Citigroup says NY judge temporarily agrees to block Wells Fargo from acquiring Wachovia

NEW YORK (AP) -- The fight over control of Wachovia intensified Saturday, as a judge temporarily agreed to block the sale of the bank by Wells Fargo, Citigroup announced in a news release.

State Supreme Court Justice Charles Ramos issued the order blocking the sale of Wachovia Corp., which Wells Fargo & Co. had agreed to purchase in a $14.8 billion deal.

Citigroup Inc. accused Wells Fargo of trying to cut off its earlier takeover offer of Wachovia's banking operations for $2.1 billion in a deal struck with the assistance of the Federal Deposit Insurance Corp. On Friday, four days after that deal was struck, Wells Fargo said it was buying Wachovia.

The litigation pits two of the largest remaining financial institutions against one another as the ongoing credit crisis leads the federal government to arrange marriages and sales among banking entities.

Wells Fargo and Citigroup did not immediately respond to messages left late Saturday seeking comment about the temporary order blocking the sale.

Wachovia spokeswoman Christy Phillips-Brown said in a statement the company believes its agreement with Wells Fargo is "proper, valid and ... in the best interest of shareholders, employees and the American taxpayers."

She said Citigroup is free to make a better offer to Wachovia under that agreement.
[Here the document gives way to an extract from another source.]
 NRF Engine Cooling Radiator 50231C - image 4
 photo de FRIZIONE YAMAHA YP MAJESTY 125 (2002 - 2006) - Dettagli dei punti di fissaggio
The FDIC said Friday that it "stands behind its previously announced agreement with Citigroup." It also said it would review all proposals and work with regulators of all three institutions to resolve the tug-of-war.

Citigroup says it has an exclusivity agreement that bars Wachovia from talking with other potential buyers. Its shares fell sharply after the surprise announcement of the Wells Fargo-Wachovia agreement.